[[ Dataset excerpts open ]]
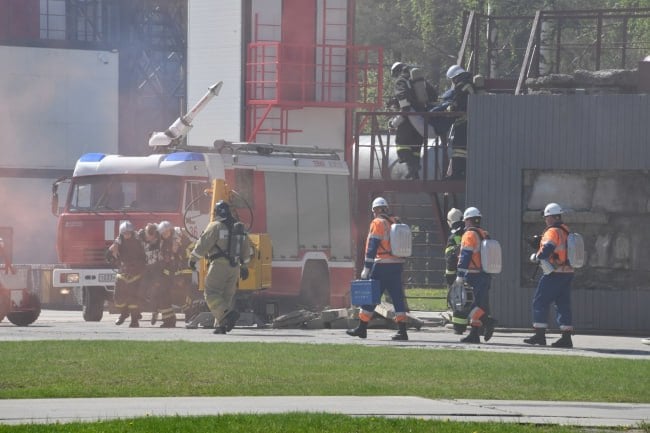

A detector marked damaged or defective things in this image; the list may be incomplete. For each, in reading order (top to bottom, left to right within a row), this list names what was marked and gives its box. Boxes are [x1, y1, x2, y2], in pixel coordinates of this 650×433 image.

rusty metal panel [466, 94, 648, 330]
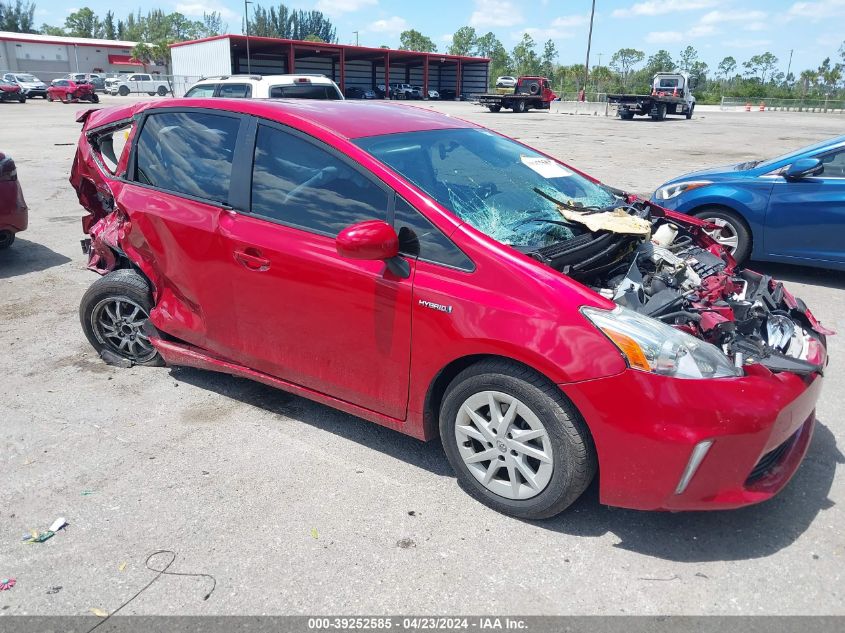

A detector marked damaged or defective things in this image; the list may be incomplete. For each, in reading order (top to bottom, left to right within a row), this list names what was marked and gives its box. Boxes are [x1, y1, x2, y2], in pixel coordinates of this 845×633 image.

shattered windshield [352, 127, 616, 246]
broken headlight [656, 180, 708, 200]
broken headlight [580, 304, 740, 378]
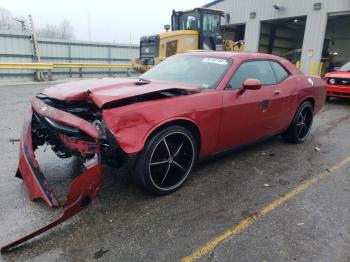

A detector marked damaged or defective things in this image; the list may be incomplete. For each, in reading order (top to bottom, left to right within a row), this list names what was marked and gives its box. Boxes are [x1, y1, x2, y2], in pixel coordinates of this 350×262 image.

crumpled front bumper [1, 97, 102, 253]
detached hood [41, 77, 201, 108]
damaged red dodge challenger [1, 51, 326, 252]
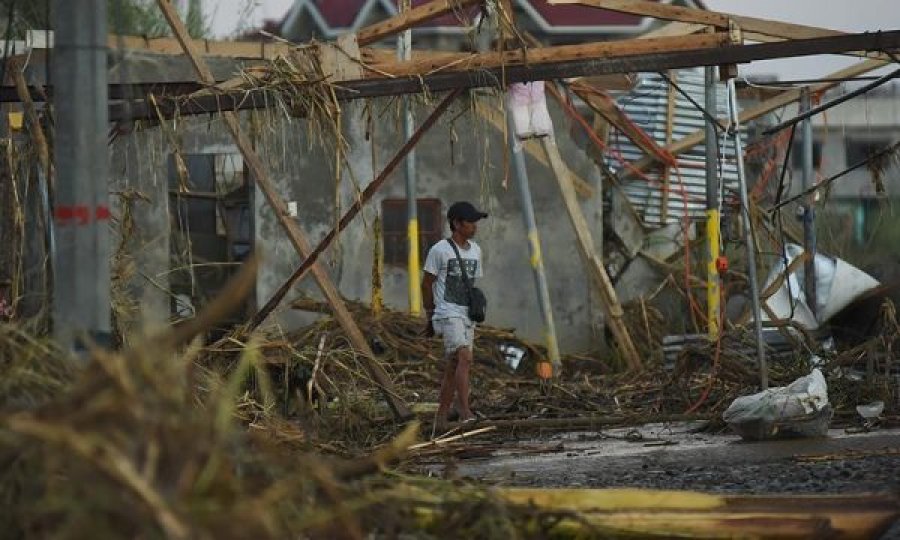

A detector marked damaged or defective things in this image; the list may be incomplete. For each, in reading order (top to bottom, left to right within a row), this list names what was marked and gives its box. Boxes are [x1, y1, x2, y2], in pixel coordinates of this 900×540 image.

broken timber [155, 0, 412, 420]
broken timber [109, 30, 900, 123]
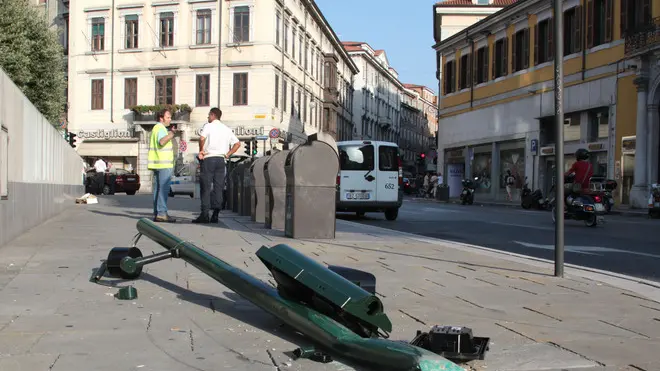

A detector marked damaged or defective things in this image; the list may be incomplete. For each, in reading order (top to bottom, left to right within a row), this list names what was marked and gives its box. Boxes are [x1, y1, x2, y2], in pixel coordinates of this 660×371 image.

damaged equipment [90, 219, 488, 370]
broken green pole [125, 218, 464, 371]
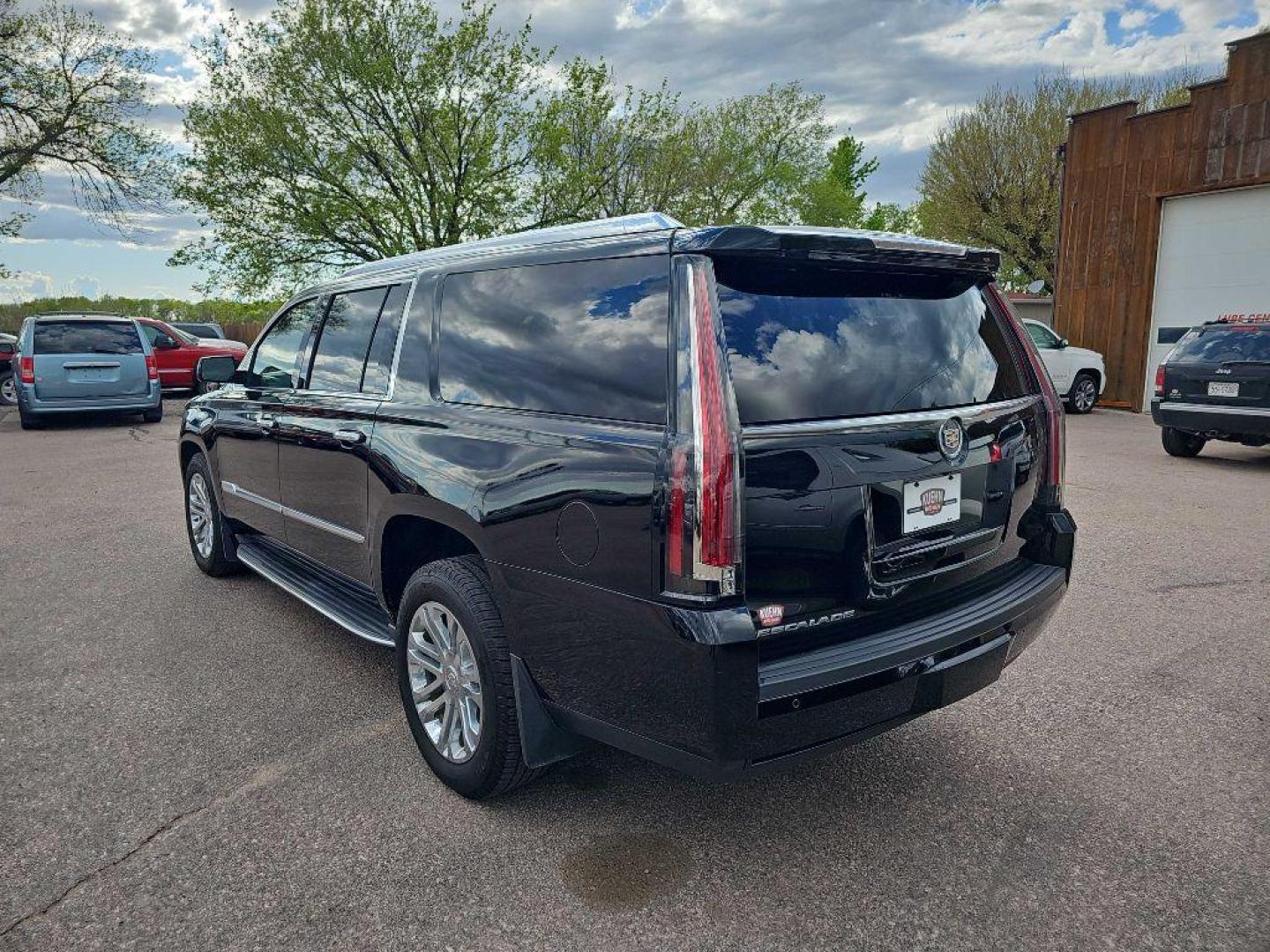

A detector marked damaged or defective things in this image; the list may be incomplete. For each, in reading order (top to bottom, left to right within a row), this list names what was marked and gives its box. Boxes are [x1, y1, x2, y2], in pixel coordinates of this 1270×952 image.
[[ Dataset excerpts closed ]]
__About this exercise__. Beginning with the line where "this 660×371 image." appears, restate word for word every line down to the last one in the data, but keep the pictures out.

__The answer__.
A detector marked damaged or defective things in this image; the list may be incomplete. For each, in reading order (top to bottom, left to right within a row), this list names what was marked and gives its box. Boxes are [x1, y1, x2, y2], in pixel coordinates of this 660×371 image.

damaged equipment [90, 219, 488, 370]
broken green pole [125, 218, 464, 371]

A detector marked damaged or defective things in this image; the list may be incomplete. For each, in reading order (top to bottom, left to right within a row), this list names what was marked and gives its box. Boxes are [x1, y1, x2, y2], in pixel coordinates of this 1270×952 image.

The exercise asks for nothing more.